For our last day together we wanted to do the last 500km to get back to Livingstone so our parents could cross the border on the Wednesday. Things were going swimmingly until Rob went to pull away and his foot went all the way to the floor.. His clutch slave cylinder had gone (much like ours in Mali and Angola). This was not a problem he said, he could drive all the way without one. So off we went.. About 100km in and Rob had more problems. There was a noise and what we thought was the transfer box, he carried on until more damage was being done so we stopped and it was decided we would tow him.. All the way! Sadly (or luckily depending on how you read the rest of the paragraph), we were stopped at a checkpoint and told it was illegal to tow using rope (luckily because we were tourists they let us off). Whilst we were towing Rob, Roger, who was driving behind, said over the radio that his back left wheel was wobbling (which could have been the noise) .. We pulled over into a lay by with Rob deciding if he could change the wheel baring he would just driving it to Livingstone, a job which would take an hour max. We all had lunch whilst Rob was doing this, however 3 hours, 3 locals and a mechanic later and the cover was unable to be shifted, apparently the wheel bearing had swollen in the heat and affected the rubber seal (or something along those lines). By this time it was 2pm and we knew we would be unable to make Livingstone before dark with everyone sane! It was decided to head to the mechanics, with the boys staying there, and the rest of us go to the camp site. As I said earlier it worked in our favour, the camp site was lovely, we still had some light, our parents could repack their bags and we could eat there. It was a great evening and a lovely end to our time together, despite it not playing out we all adapted and we all were happy, Dad had even written a poem for the week which was very funny and evoked a lot of good memories - he has also written a diary about the week which with some persuasion he may post on here! 

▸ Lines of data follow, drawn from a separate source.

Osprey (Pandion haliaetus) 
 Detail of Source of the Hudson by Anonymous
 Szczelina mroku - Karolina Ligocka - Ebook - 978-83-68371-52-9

The morning was hard, knowing there was a goodbye looming. We were staying at the campsite but our parents had to get to Livingstone, cross the border and get to Chobe in Botswana before dark! A long drive! We had bacon and provita with lots of coffee and tea for breakfast and before we knew it, It was time for them to leave. Granted it wasn't as hard as when we left the UK but it wasn't easy, there were a few tears, but lots of happiness with the week or so we had spent with them! All of us saying what a great time it had been! Fingers crossed we will see them all in South Africa when we get there. With it being back to the four us, normal service resumed. We had such a fantastic week with them all, we were thoroughly spoilt and being with them felt like a holiday in itself.. We did so much we would normally do and it was great to see this country through fresh eyes! I am so proud of my Mum for coming, she is a reluctant camper but I think we have converted her.. Camping and Caravan club watch out!

The next two days was spend Washing, cleaning the cars and doing the odd jobs that needed to be done.. Charles managed to wire in the electric cable for the fridge Mum and Dad had brought over and we managed to get rid of most of the dust and dead tetzi flies floating about the car! It felt like we had a productive couple of days and touched ground. We have been driving pretty crazily for the last few months so I think we are all looking forward to taking it slow from now on. We all have some pretty big decisions to make. The four of us are splitting up, Charles and myself are heading north to get to Uganda to meet Fred Mutebi, an artist there, and Rob and Mandy are undecided! 

We returned back to Livingstone without any problems, went back to the Waterfront Logde not before heading to Foleys Landrover dealer. We spent a pretty penny all of us.. We needed vaccume pump, air filter, wheel taker offer (that is the correct term I am sure), and Rob needed a few bits! It was odd turning up at the Waterfront again without the family but it felt like it was full circle! I leave this now in happy hour at the bar over looking the Zambezi and the spray of the falls! Zambia you have only impressed so far, and it has been a couple of weeks I will not forget!